The Trinity Baptist Church sex scandal was a United States sex scandal that came to national attention in 2011. The scandal centered on the way that Trinity Baptist Church, an Independent Baptist church in Concord, New Hampshire, and its former pastor handled the 1997 rape and subsequent pregnancy of one of its members, a minor girl, by her employer. The employer was another member of the congregation who hired the girl as a babysitter for his children.

Tina Anderson rape incident
In 1997, Tina Anderson, a member of Trinity Baptist Church, was raped by church member and father Ernest Willis, whose children she babysat; she was 15 years old at the time. She became pregnant, and Anderson later testified that she had confided her pregnancy to Willis, and that Willis offered to pay for an abortion but when rejected by Anderson, Willis suggested punching Anderson in the stomach to induce a miscarriage, which she also rejected.

Chuck Phelps was the senior pastor at the time. According to a 20/20 documentary about the incident, Phelps allegedly forced Anderson to "confess her sin" before the congregation, covered up the crime by sending her to another Independent Baptist family in Colorado during her pregnancy, and had her give up her child for adoption.

The people around Anderson told her not to talk about it, and the case remained unaddressed until Anderson received a call from the Concord police in February 2010. Matt Barnhart, a former Trinity Baptist Church member who had witnessed Anderson's "church discipline" session in 1997, had reported the session on a blog (Independent Fundamentalist Baptist (IFB) cult survivors). The blog founder Jocelyn Zichterman followed up with Barnhart and upon learning Anderson's identity and location she contacted the Concord police. Willis was arrested in 2010.

In June 2010 Brian Fuller, the pastor who followed Phelps, expressed deep regret about the way the church had handled the incident and disgust that Willis was allowed to remain a church member for seven years following the incident.

On April 8, 2011, the incident was featured on ABC's 20/20, as part of a show about religious abuse including other cases of rape like Anderson's, in Independent Fundamentalist Baptist churches. In response to the 20/20 episode, Phelps posted a statement to his website in which he said that Anderson was 16 at the time of her pregnancy, said the accused rapist was never a church officer, and said that Anderson was never forced to make a statement before the church. On April 8, 2011, the church released a statement saying that in 1997, it had "immediately notified" the New Hampshire Division of Children, Youth and Families about the incident but regretted how "the incident was handled," confirming that the "victim stood before the congregation," and which said that "the accused remained in our congregation awaiting arrest by the Concord Police Department."

Before trial, Willis pleaded guilty to one count of statutory rape but denied he forcibly raped Tina Anderson twice in 1997. She said it happened once while he was giving her driving lessons and again at her home weeks later. Willis testified that the two had sex on only one occasion and it was consensual.
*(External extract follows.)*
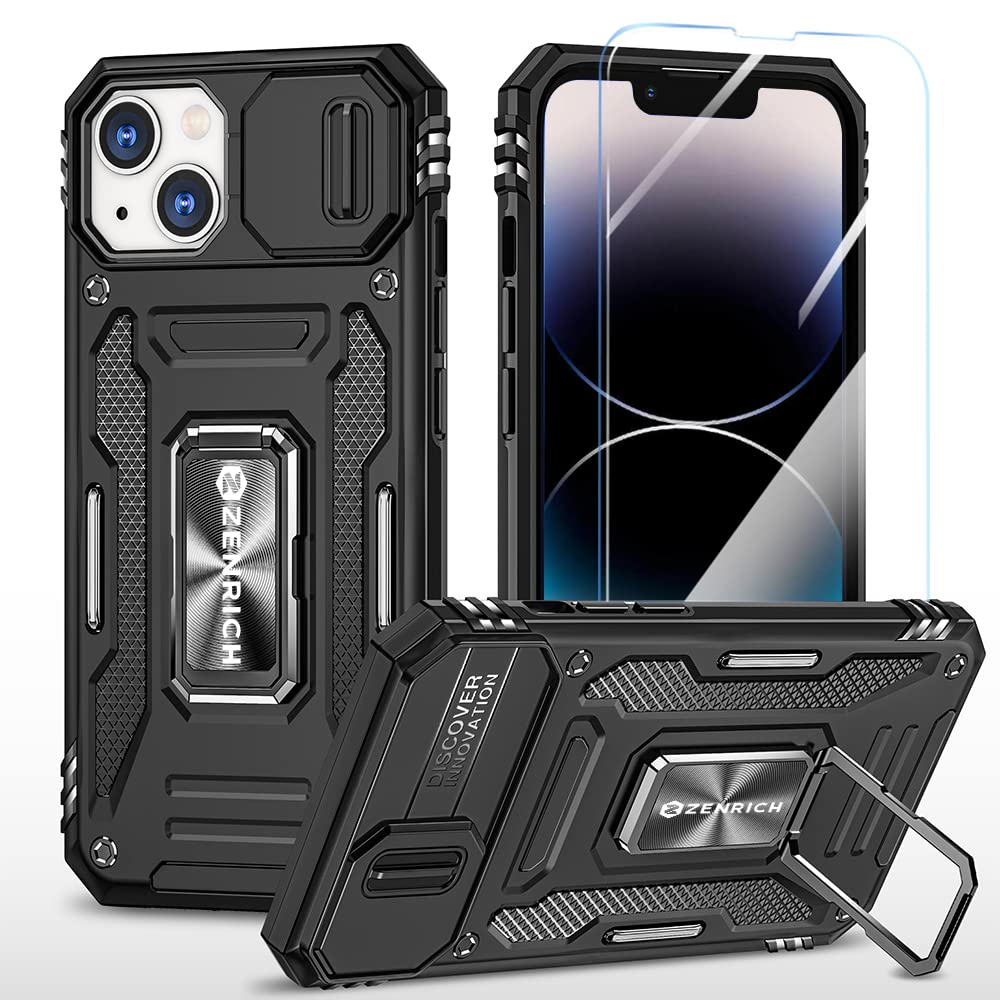 ZenRich Rugged Case for iPhone 14 Max with Tempered Glass Screen Protector, Slide Camera Cover & Kickstand, Military Grade Drop Proof Protective Case Compatitable with Magnetic Holder, Black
The trial started in May 2011.  On May 27, 2011, a jury found Willis guilty of three counts of forcible rape and a count of felonious sexual assault; and on September 7, 2011, a judge sentenced him to 15 to 30 years in prison.  In a victim impact statement at sentencing, Anderson said that Willis destroyed the person she was and filled her with shame and guilt. Willis appealed his conviction to the New Hampshire Supreme Court; the court denied his appeal.

Despite the media outcry, Phelps remained on Bob Jones University's Board of Trustees until an online campaign finally led to his resignation in December 2011.

Remedial measures taken by the church 

In June 2010, the congregation approved three amendments to the church constitution. The first created a Security Team to provide security during public gatherings and to authorize criminal background checks for all volunteers in the children's ministry. The second amendment protected members from being “required to involuntarily participate in a public confession that is not the result of the church discipline process outlined in Article V of the Constitution.” The third amendment restricted membership—and thus the subjects of church discipline—to persons eighteen years or older.